Task Versioning
Inspect Evals contains > 200 Inspect AI Tasks.
Tasks evolve via bug fixes, refactors, dataset updates, or evaluation logic changes.
Changes that can break task invocations or affect the comparability of eval results require a task version bump.
Task version structure
The task version attribute must be set on every task in inspect_evals. See versioning-metadata for how this is set.
For all tasks in inspect evals, the version must conform to the scheme N-X.
N tracks changes that affect task comparability, signaling that evaluation results may not be comparable with previous versions. Integer 1, 2, 3, ....
X tracks changes that affect the Task interface. Upper case A, B, C, ....
Increments to N and X components never decrease, e.g. 1-C to 2-C, but never 1-C to 2-A.
Since N and X are independent, a change can affect both simultaneously, e.g. 1-C to 2-D.
Versions for new evals should be set as 1-A.
Example
Version information is set on the eval.yaml in the associated eval folder:
title: 'MASK: Disentangling Honesty from Accuracy in AI Systems'
description: |
Evaluates honesty in large language models by testing whether they contradict their own beliefs when pressured to lie.
arxiv: https://arxiv.org/abs/2503.03750
group: Safeguards
contributors:
- 'Scott-Simmons'
version: "2-A"
tasks:
- name: mask
dataset_samples: 1000When to bump the task version
Bump N when
A task changes in a way that breaks fair evaluation comparisons between versions of that task.
Bump X when
A task’s interface changes in a way that could break compatibility with users’ workflows.
Examples of when to bump the task version
N –> N+1: Changes to a Task’s comparability
Bump a task version whenever a change could make results non-comparable for the same model across versions, e.g. 3-D goes to 4-D.
Examples include:
- Bug fixes that affect evaluation results
- Changes to scoring logic
- Dataset changes
- Parameter changes that influence model behavior or scoring
- Prompt or template changes
X –> Y (next letter): Incompatible changes to a Task’s interface
Backward or forward-incompatible Task interface changes require a version bump, e.g. 3-D goes to 3-E.

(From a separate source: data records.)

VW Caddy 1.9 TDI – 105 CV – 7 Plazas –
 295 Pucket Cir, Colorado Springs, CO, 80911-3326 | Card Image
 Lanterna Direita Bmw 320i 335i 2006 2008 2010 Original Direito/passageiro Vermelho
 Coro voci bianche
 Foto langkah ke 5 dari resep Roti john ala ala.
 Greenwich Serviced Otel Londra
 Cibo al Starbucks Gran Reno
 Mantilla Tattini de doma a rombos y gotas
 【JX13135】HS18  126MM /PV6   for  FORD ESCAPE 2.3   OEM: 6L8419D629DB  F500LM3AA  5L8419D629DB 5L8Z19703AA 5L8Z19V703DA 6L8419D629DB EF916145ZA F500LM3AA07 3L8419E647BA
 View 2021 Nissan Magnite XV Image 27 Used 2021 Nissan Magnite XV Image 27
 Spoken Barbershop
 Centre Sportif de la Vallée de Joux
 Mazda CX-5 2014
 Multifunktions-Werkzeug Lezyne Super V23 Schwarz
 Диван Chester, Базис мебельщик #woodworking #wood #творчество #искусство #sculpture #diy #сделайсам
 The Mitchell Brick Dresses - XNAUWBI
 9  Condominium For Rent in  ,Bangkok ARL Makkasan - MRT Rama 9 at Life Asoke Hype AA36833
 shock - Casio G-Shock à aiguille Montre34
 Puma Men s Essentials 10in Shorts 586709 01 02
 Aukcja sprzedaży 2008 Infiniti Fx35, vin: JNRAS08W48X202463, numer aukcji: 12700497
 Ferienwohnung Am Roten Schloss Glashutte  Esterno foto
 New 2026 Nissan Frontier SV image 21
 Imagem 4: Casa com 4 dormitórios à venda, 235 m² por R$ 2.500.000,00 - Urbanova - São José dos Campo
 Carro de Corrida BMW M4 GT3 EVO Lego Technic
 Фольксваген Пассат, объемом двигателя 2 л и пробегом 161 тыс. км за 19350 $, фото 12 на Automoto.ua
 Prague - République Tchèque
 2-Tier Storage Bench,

Backward-incompatible change
Changes that break existing invocations.
Before:
@task
def example_task(
max_toks: int,
...,
) -> Task:
...After:
@task
def example_task(
max_tokens: int,
...,
) -> Task:
...A version bump is required because old invocations using max_toks will fail after the change is applied.
Forward-incompatible change
Changes that old versions cannot express.
Before:
@task
def example_task(
...,
) -> Task:
dataset = get_dataset(shuffle=False)
...After:
@task
def example_task(
...,
shuffle: bool = False,
) -> Task:
dataset = get_dataset(shuffle=shuffle)
...A version bump is required because old versions would fail when explicitly invoked with the shuffle parameter (i.e. -T shuffle=… will fail).
Bumping the Changelog
Once an eval task has a version bump, the associated README requires a changelog that tracks increments in task versions. Example.
If the changelog section already exists, add an entry for the new version.
Evals with > 1 task
Evals can sometimes be associated with multiple tasks, such as fortress (task 1: fortress_adversarial; task 2: fortress_benign).
They share a single changelog, i.e. version bumps are applied together. Example.